> _TASK INSTRUCTIONS_
Extract only the first line of the listing and every line after it up to and including the one with "Snowflake's unique architecture". Omit the pictures.

> _DATA FOR ANALYSIS_

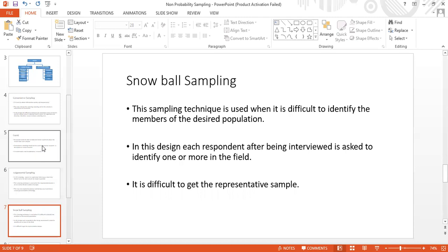Similarly, if I want samples from deep sea divers, I find one and then ask them to refer me to others they know. If I find a family with triplets, I ask them if they know other families with triplets, and that referral becomes my next sample. Each respondent helps identify the next — it forms a chain. However, in this design it can be difficult to get a truly representative sample.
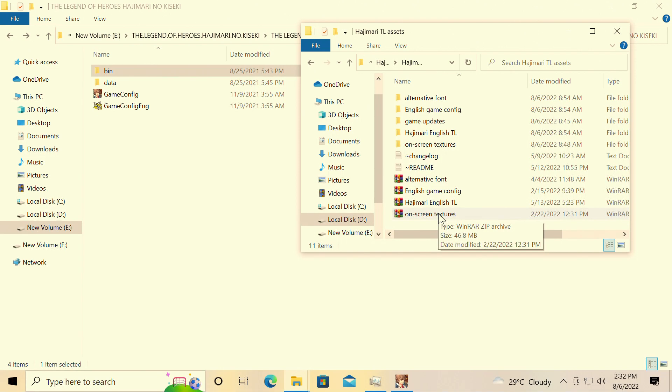Hey guys, welcome to Adoor16. I am your host Javon, and today we're back with a brand new video. Once again, we're doing another tutorial: the English patch tutorial for Hajimari no Kiseki for the PC.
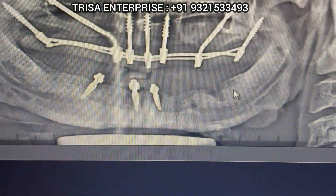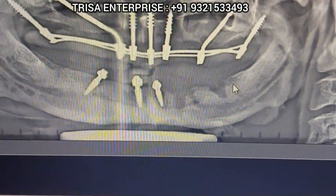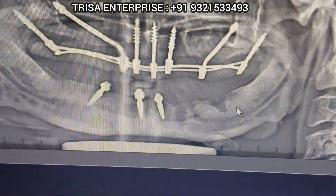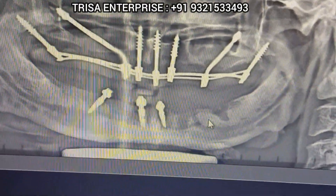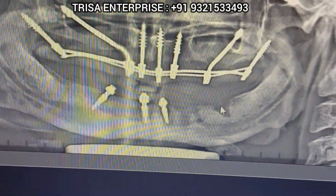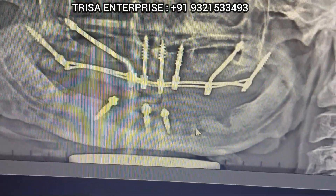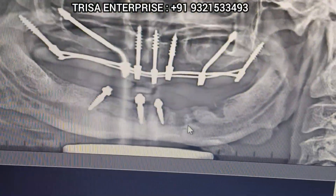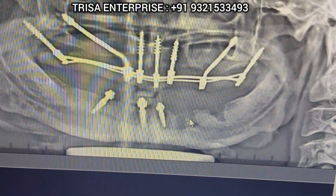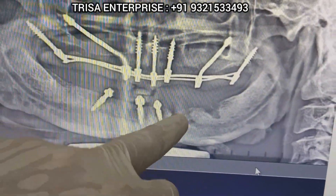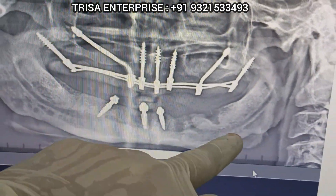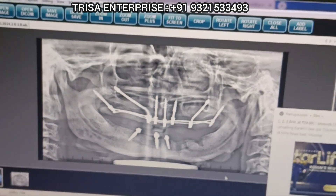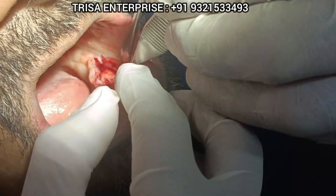I cannot go so deep in the mouth because his mouth opening is less. So I'm going to do the buccal bypass with the open flap approach because I don't want to end up in these rarefaction zones. I'm going to make a crestal incision and two releasing incisions, and I will show you how to do the buccal bypass.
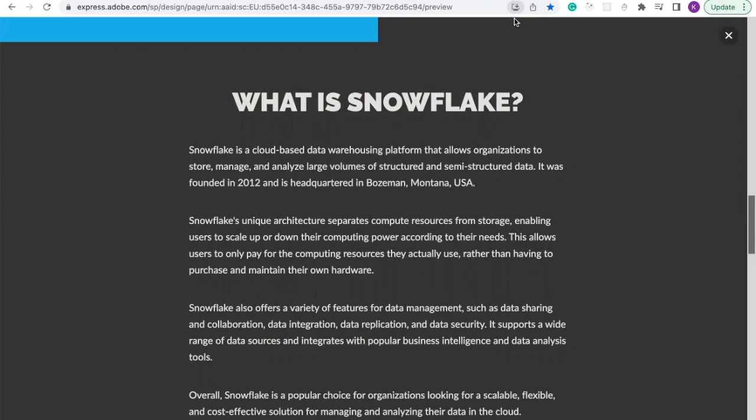Snowflake's unique architecture separates compute resources from storage, enabling users to scale up or down their computing power according to their needs. This allows users to pay for the computing resources they actually use, rather than having to purchase and maintain their own hardware.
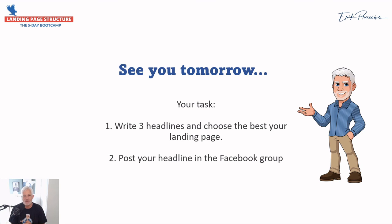I'm really looking forward to see you tomorrow where we are going to talk about the long form landing page. Hi you.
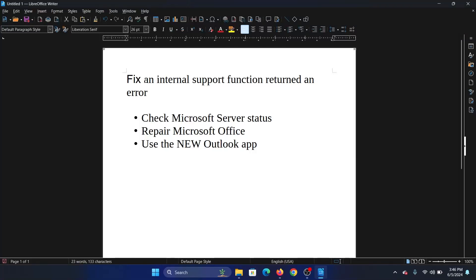Hey friends, if you wish to fix an internal support function returned an error on your Windows computer, then please watch this video. I will guide you through the resolutions.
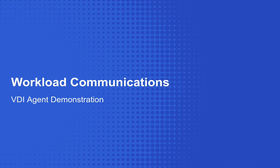Hello, my name is Aaron and I'm a Principal Technical Product Specialist for Zscaler Workload Communications. Today we're going to take a quick look at the VDI agent for workload communications.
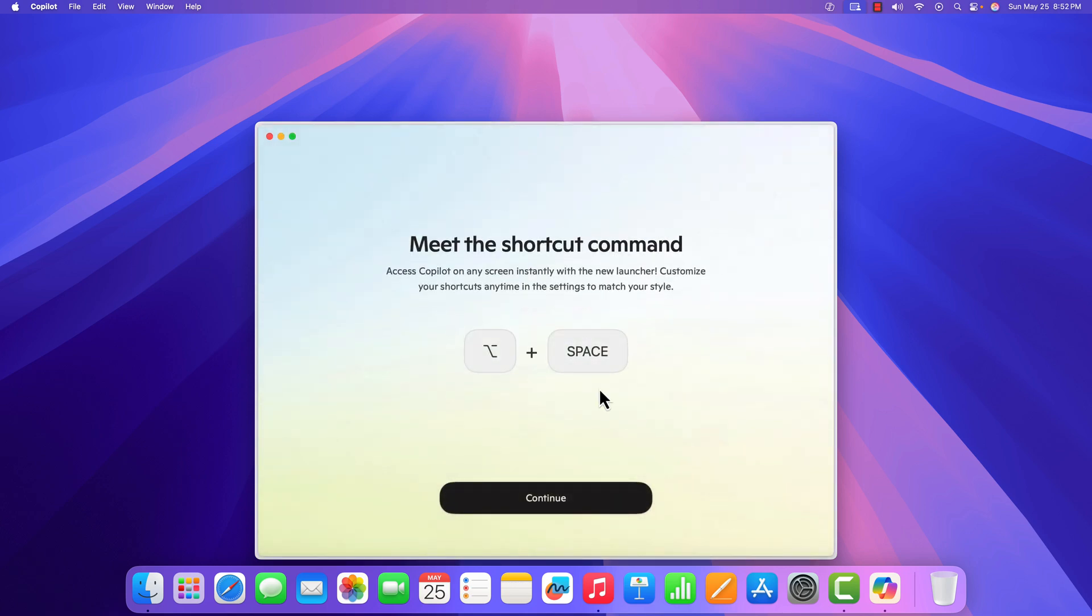Once you have signed in, it will show you a shortcut key by which you can open Copilot on any screen instantly. That is Option plus Space.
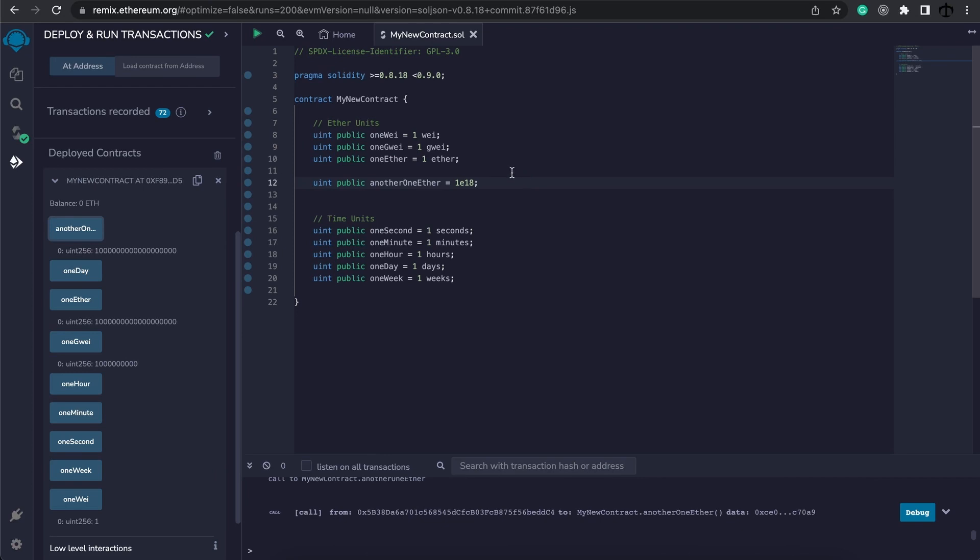This just helps us make it more readable, like I said.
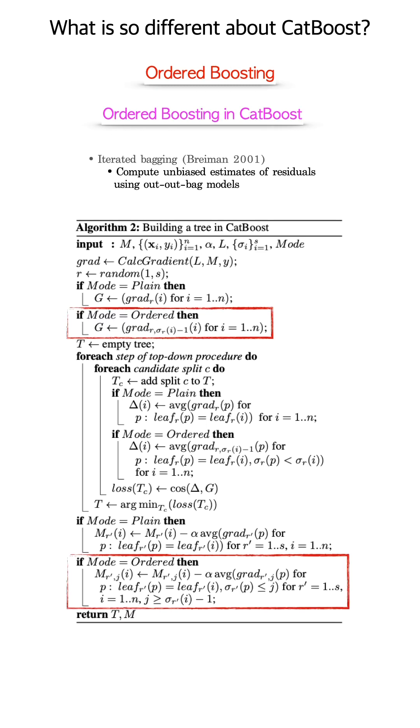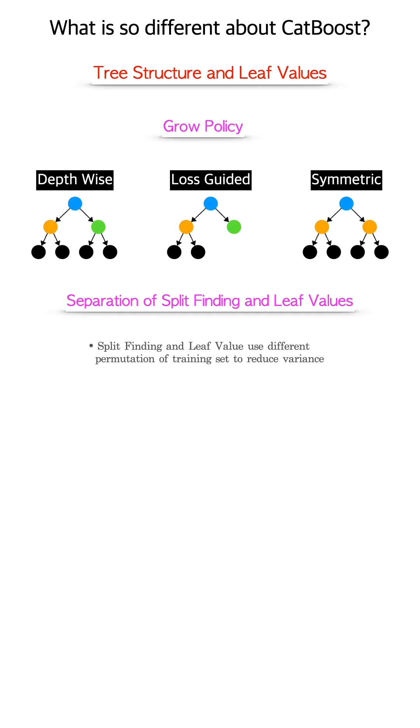The implementation of unbiased estimates of residuals in CatBoost also distinguishes itself from XGBoost or LightGBM. Last but not least, symmetric tree structure where the same feature and split value is applied to all the leaves on the same level is the default growth policy. This is implemented in CatBoost to prevent overfitting.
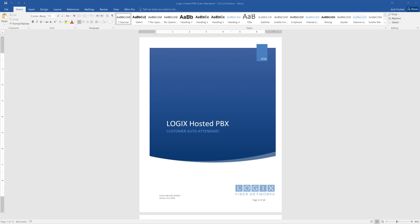Hello, welcome everyone. Today we're going to go over the Host2PBX Auto Attendant. So this is actually setting up and configuring your Auto Attendant and getting it set up. We're going to go over this guide right here. This guide is found on our Logix.com website.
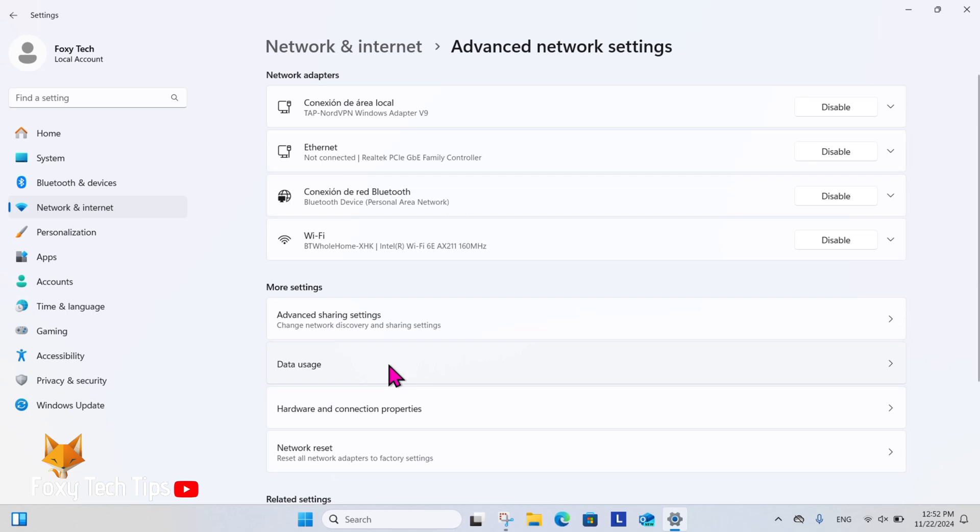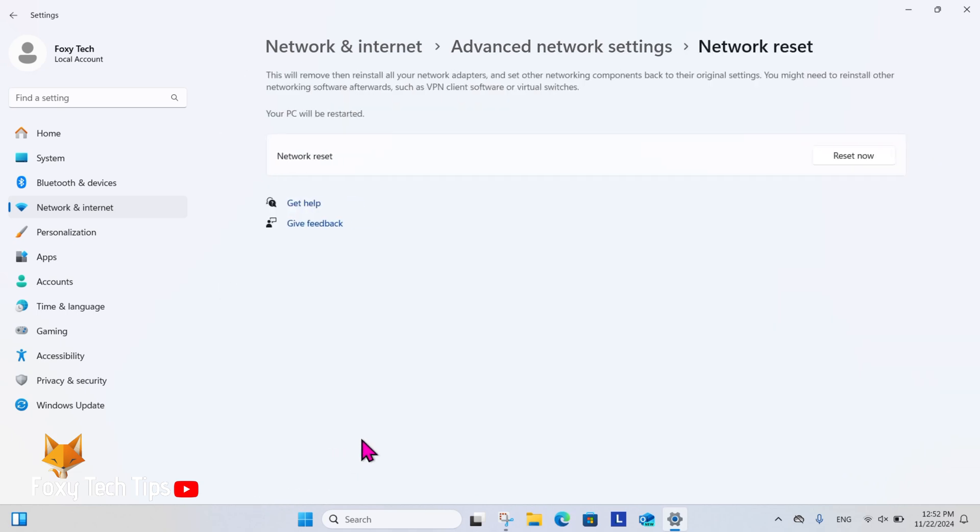In Advanced Network Settings, click Network Reset and then select Reset Now.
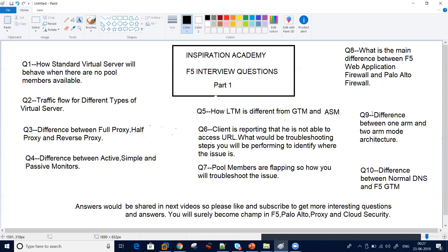Question number nine is related to design: what is the difference between one-arm and two-arm deployment mode, and which one is the preferred mode?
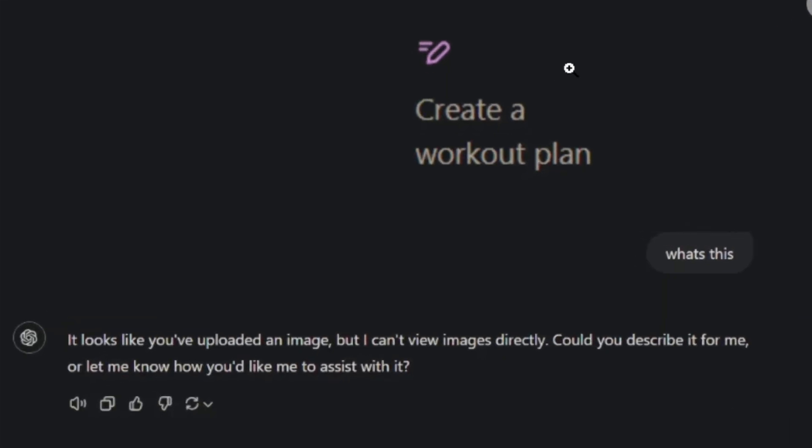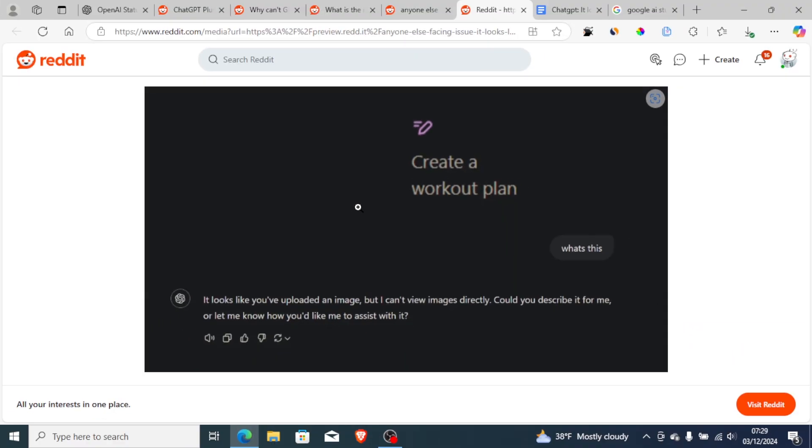If you have received this response from ChatGPT which says 'It looks like you have uploaded an image but I can't view images directly, could you describe it for me,' then a lot of people are facing this issue.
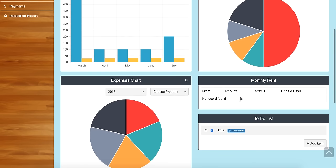There's a monthly rent status which shows whether rents are on time or late for each property. I don't have any properties added yet, but these would show here.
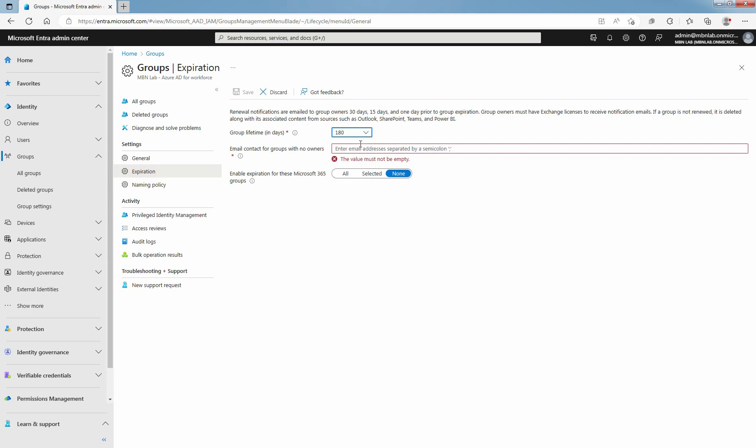Specify an email address where the renewal and expiration notifications should be sent when a group has no owner. Select which Microsoft 365 Groups expire. You can set expiration for all Microsoft 365 Groups or a list of selected Microsoft 365 Groups. Choose None option to restrict expiration for all Microsoft 365 Groups.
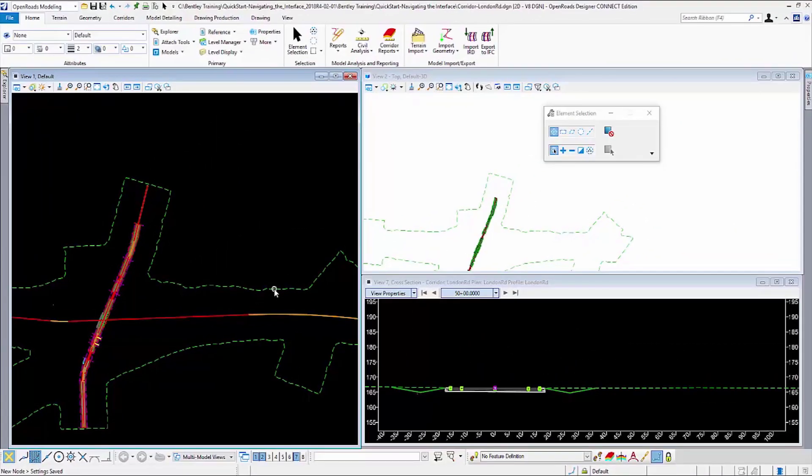Hi, I'm Dan Eskin with Bentley Systems. In this video I'll show you how to navigate the OpenRoads Designer interface.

> _RESULT OF THIS TASK_
Similarly, if I want samples from deep sea divers, I find one and then ask them to refer me to others they know. If I find a family with triplets, I ask them if they know other families with triplets, and that referral becomes my next sample. Each respondent helps identify the next — it forms a chain. However, in this design it can be difficult to get a truly representative sample.
Hey guys, welcome to Adoor16. I am your host Javon, and today we're back with a brand new video. Once again, we're doing another tutorial: the English patch tutorial for Hajimari no Kiseki for the PC.
I cannot go so deep in the mouth because his mouth opening is less. So I'm going to do the buccal bypass with the open flap approach because I don't want to end up in these rarefaction zones. I'm going to make a crestal incision and two releasing incisions, and I will show you how to do the buccal bypass.
Snowflake's unique architecture separates compute resources from storage, enabling users to scale up or down their computing power according to their needs. This allows users to pay for the computing resources they actually use, rather than having to purchase and maintain their own hardware.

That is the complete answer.